I'm not too sure about this, i have gone multiple days without showering, and well it does make your hair greasy. If hair stops producing the excess oil after that time, would it still leave your saturated with the built up oil?


----------



## ilphithra (Jun 22, 2010)

I put that thing to test once. I tried staying without washing my hair for a few days while I was on vacation. Even though I always have short hair, my hair had so much oil and crap caked in it that I could shape it without needing gel... not to mention it's icky to the touch and reeks to hell. 

Therefore, there's no way I buy into this and don't expect me to touch such filthy hair.

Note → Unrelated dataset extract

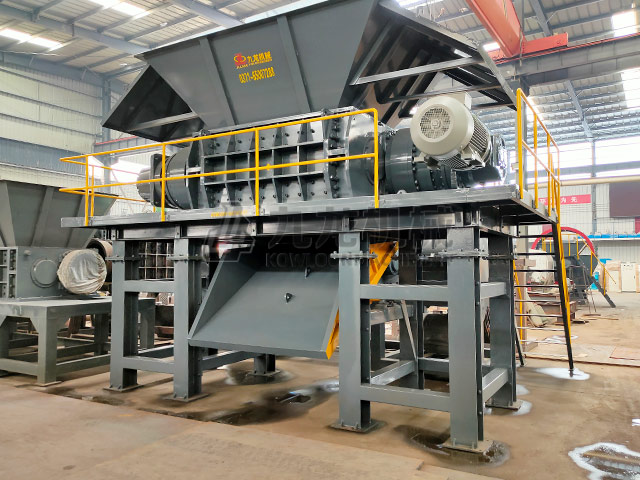 3377体育·（3377 SPORTS）官方网站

What comes next? Let's not wash because the body stops getting dirty after 2 weeks? Please... even animals wash constantly.


----------



## quadrivium (Nov 6, 2011)

From what I have read, it takes a few months to reap the benefits.


----------



## Tad Cooper (Apr 10, 2010)

My dad tried this (he had long hair) and said it worked, but he left his for months at a time. His hair was always soft and looked nice, but felt a bit strange (not the kind of texture you get when very clean, but not really greasy either). I'd be more concerned over the smell, as grease can cause a weird smell in hot weather.


----------



## castigat (Aug 26, 2012)

I could try this, and may. It sounds like it might be worth the trouble, but damn my immature mind for getting the wrong idea when you said 'after using no poo in my hair'. XD

"Why are you worried about You-Know-Who, when you should be more worried about U-NO-POO?"


----------



## Gray Skies (Dec 27, 2010)

Was not what I expected this thread to be about.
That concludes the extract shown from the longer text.